Isı, ışık, nispi hava ve toprak rutubeti, besin maddeleri sera ve salon süs bitkileri yetiştiriciliğinde göz önünde bulundurulması gereken başlıca gelişme faktörleridir. Sulama, havalandırma, saksı değiştirme, saksı toprağının gevşetilmesi, yaprakların temizlenmesi ve zararlılarla mücadele ise genel bakım tedbirlerini teşkil eder.

a) Isı ihtiyacı:

Isı bitki gelişmesi ve bitkide fizyolojik olayların vuku bulması için lüzumlu faktörlerden biridir. Tabii yayılış bölgelerine uygun olarak sera ve salon süs bitkilerinin ısı ihtiyaçları da muhteliftir. Memleketimiz iklim şartlarında bitkilerin dinlenme periyodu kış aylarına rastlar. Aynı durum bazı istisnalar olmakla beraber, genellikle sera ve salon süs bitkilerinde de bahis konusudur. Bu devre zarfında bitkinin odun kısımları olgunlaşır, tomurcuklar teşkil olunur. Sun'i şartlarda (ev ve seralarda) yetiştirilmekte olan süs bitkilerinde istirahat periyodunun sağlanmasında, müteakip yılda iyi bir gelişme ve çiçeklenmeyi temin bakımından, zaruret vardır. Aksi halde, yani süs bitkileri kışın muayyen bir ısıdan daha yüksek sıcaklığı haiz yerlerde bulunduruldukları taktirde, bitkiler istirahat devresine giremezler. Bunun neticesinde de bitkinin odun kısımları olgunlaşamaz ve tomurcuk teşkili güçleşir. Bundan başka bitkiler kışın da gelişme halinde olmalarına rağmen, bu mevsimde mevcut ışık şartları gelişmekte olan bitkinin normal ihtiyacını karşılayamaz. Bu ise bitkilerde cılız bir gelişmeye sebep olur.
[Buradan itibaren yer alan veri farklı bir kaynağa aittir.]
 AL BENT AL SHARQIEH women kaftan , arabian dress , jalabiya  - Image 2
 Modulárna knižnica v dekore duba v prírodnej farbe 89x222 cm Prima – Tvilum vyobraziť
Isı ihtiyaçlarına göre sera ve salon süs bitkilerini genel olarak üç gurupta toplamak mümkündür.

1.Yüksek ısıya ihtiyaç gösteren bitkiler: Tropik veya sıcak sera bitkileri diyebileceğimiz bu bitkiler, kışın 16-20°C yazın ise l8-25°C veya daha yüksek ısıya, genel olarak yüksek nispi rutubet ve ekseriya yarı gölge veya gölge mahallere ihtiyaç gösterirler.

2. Vasat derecede ısıya ihtiyacı olanlar: Mutedil ve ılık sera bitkileri denilen bu süs bitkileri kışın 8 -15°C ısıya ihtiyaç gösterirler. İlkbahar ve yaz aylarında ise çoğu15-18°C veya bunun üstünde ısıyı haiz, aydınlık, havadar sera veya salonlarda ve bir kısmı da bahçede bulundurulurlar.

3. Az ısıya ihtiyacı olanlar: Soğuk sera bitkileri denilen bu bitkiler 5-8°C -istisnai olarak minimum 3 ve maximum lO°C- ısıyı haiz sera ve salonlarda, yazın ise bahçede yetiştirilebilen bitkilerdir. Soğuk sera bitkileri için en uygun yaz ısısı 5-20°C dir.

Sera ve kısmen salonlarda kışın ısı muayyen seviyede tutulabildiği halde, yazın bilhassa salonlarda ısıyı ayarlamak mümkün değildir. Bundan dolayı memleketimiz, özellikle Ege Bölgesi iklim şartlarında soğuk sera bitkilerinin sera ve salonlarda yazın aydınlık veya yarı gölge, serin ve havadar yerlerde veya bahçede aynı şartları haiz mahallerde muhafaza edilmeleri gerekir.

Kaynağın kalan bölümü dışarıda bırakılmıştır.